The code it produces is fine. Sure, there are things I’d do differently. But there are also things I’d do worse. Codex and Claude Code keep teaching me new things. New libraries that I wasn’t aware of. Techniques I hadn’t seen before. And the code works, and passes all the tests. Ultimately if it walks like a duck and quacks like a duck then surely it is a duck?
I reckon I’ll be able to convert ~10 million lines of code down to around 100kloc. Even if I have 10x more bugs per kloc I’ll still be ahead.
And so?
For now this is an active experiment. I’m not done yet. But the early signs are promising. It feels like an opportunity is opening up - those who embrace this new technology will be able to advance much faster than those who don’t.
Earlier this year Dario Amodei (CEO of Anthropic) was ridiculed by some for suggesting that 90% of code would be generated by AI by September this month.

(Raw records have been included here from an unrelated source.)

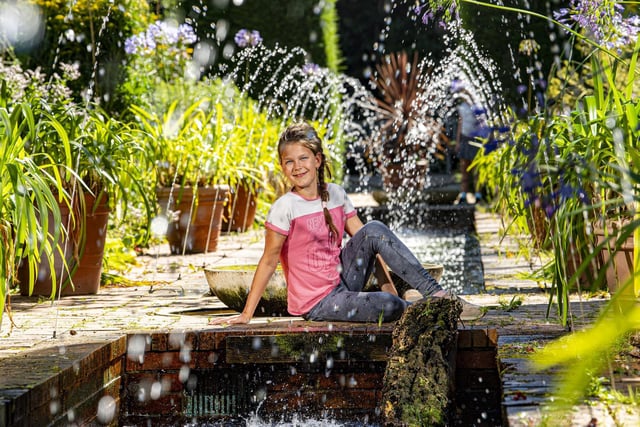 Aisa Eros, who is on holiday from Hungary, by the fountains in the Monet Gardens in Roundhay Park, Leeds.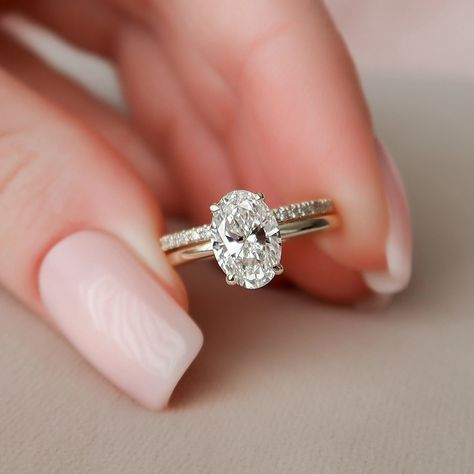 ENGAGEMENT RING DETAILS✧ Center Stone Weight: 1.50CTW (9*6MM)✧ Center Stone: Oval Cut✧ Center Stone Type: Moissanite✧ Side Stone Weight: 0.10CTW✧ Side Stone: Round Brilliant Cut✧ Moissanite Details: DEF Color, VVS+ Clarity✧ Band Width: Approx. 1.80MM WEDDING BAND DETAILS✧ Stone Weight: 0.40CT✧ Stone Cut: Round Brilliant✧ Stone Type: Moissanite✧ Moissanite Detail: DEF Color, VVS+ Clarity✧ Band Width: Approx. 1.80MM METAL DETAILS ✧ Metal: Solid Gold✧ Metal Purity: Available Options 10K | 14K | 18K Anniversary Ring Set, Moissanite Wedding Ring Set, Moissanite Engagement Ring Set, Oval Diamond Ring, Detailed Engagement Ring, Moissanite Engagement Ring Oval, Image 3d, Bridal Engagement Rings, Moissanite Wedding Rings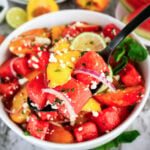 Bowl of watermelon peach salad with feta, red onion, mint, and lime, served with a black spoon.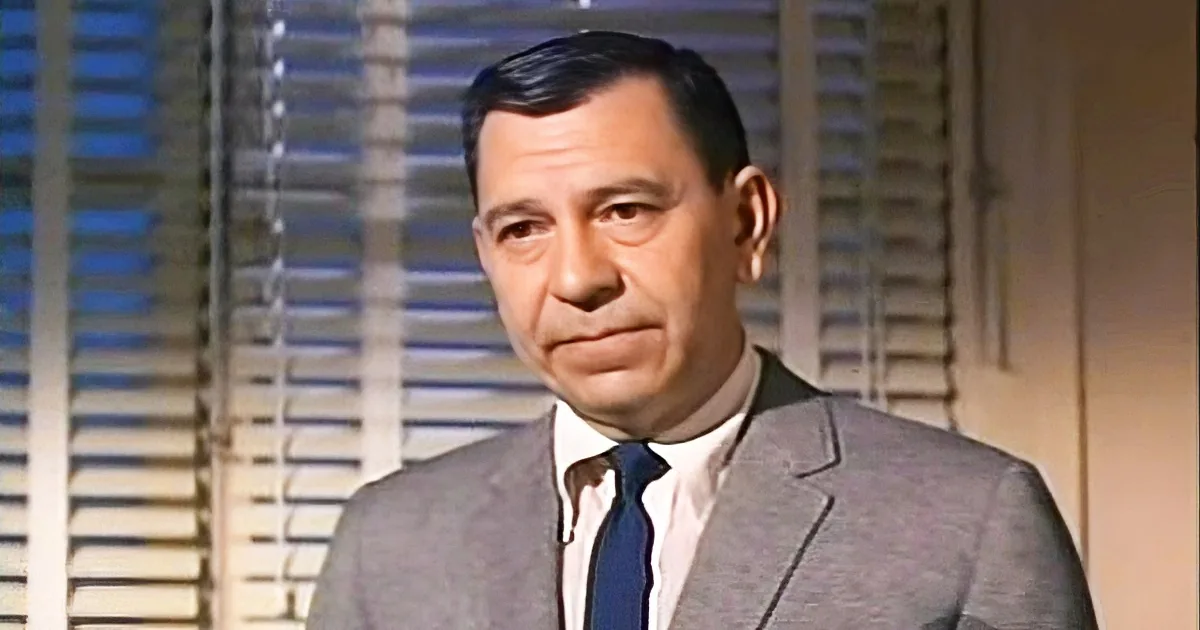A man in a gray suit and blue tie stands in front of a window with blinds.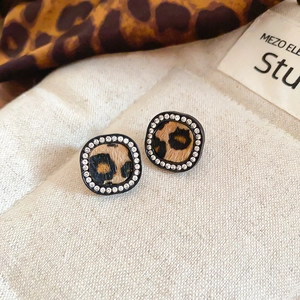 Macro shot of square leopard print earrings with sparkling rhinestones on beige fabric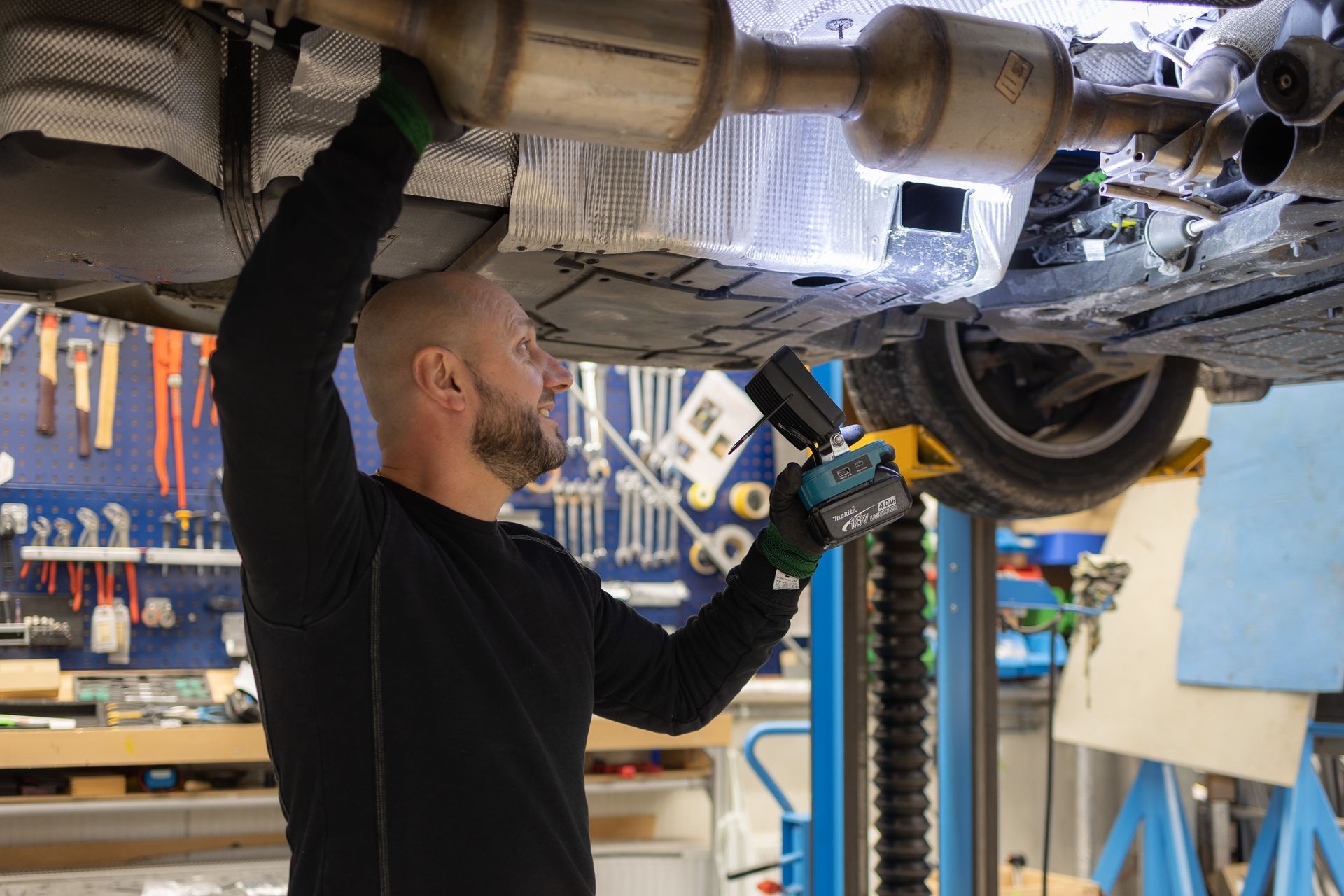 Ein Mechaniker arbeitet in einer Werkstatt unter einem Auto und untersucht mit einer Taschenlampe die Abgasanlage.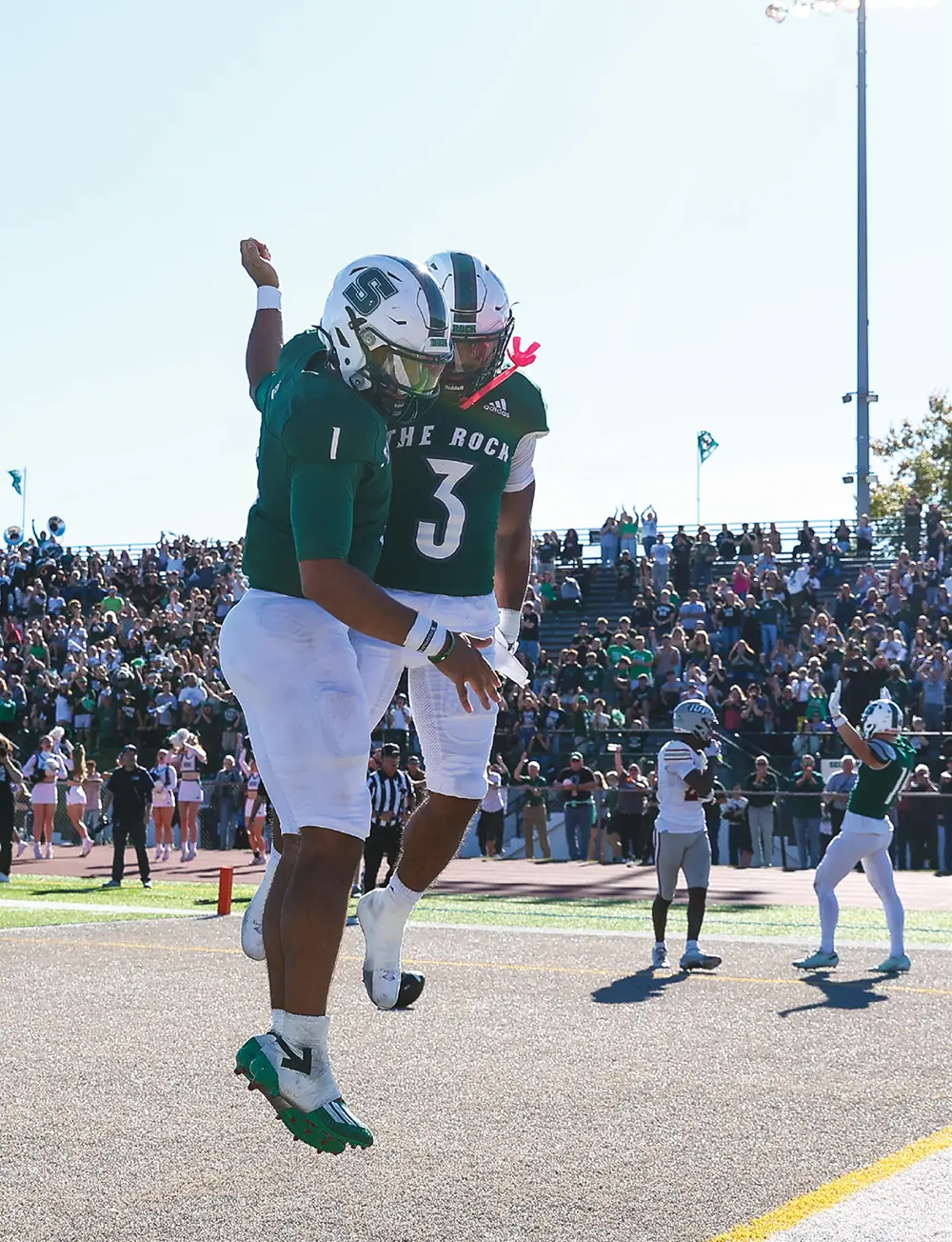 Two Slippery Rock football players, wearing green jerseys numbered 1 and 3, jump in the air to celebrate a play. Fans cheer in the background stands under a clear blue sky.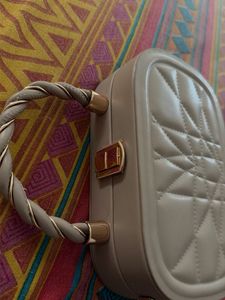 Quilted Oval Handbag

But when you can go this fast, you only need ~2 out of every 100 developers to be using this technology to hit 90%. Amodei may only be a few months off.
Maybe we can’t all build code as fast as I did this weekend. After all, there’s more to software engineering than just writing code. So maybe we don’t go 500x faster. Maybe it’s only 10x faster. But even then that changes everything. Conway’s law. Software architecture. Team dynamics. Software engineering is architected around humans writing the code: when that’s not true, what then?
A few months ago I drove past that old hospital. Except that the old building had been demolished and replaced with a shiny new, fit for purpose building. If it works for hospitals could it also work for software?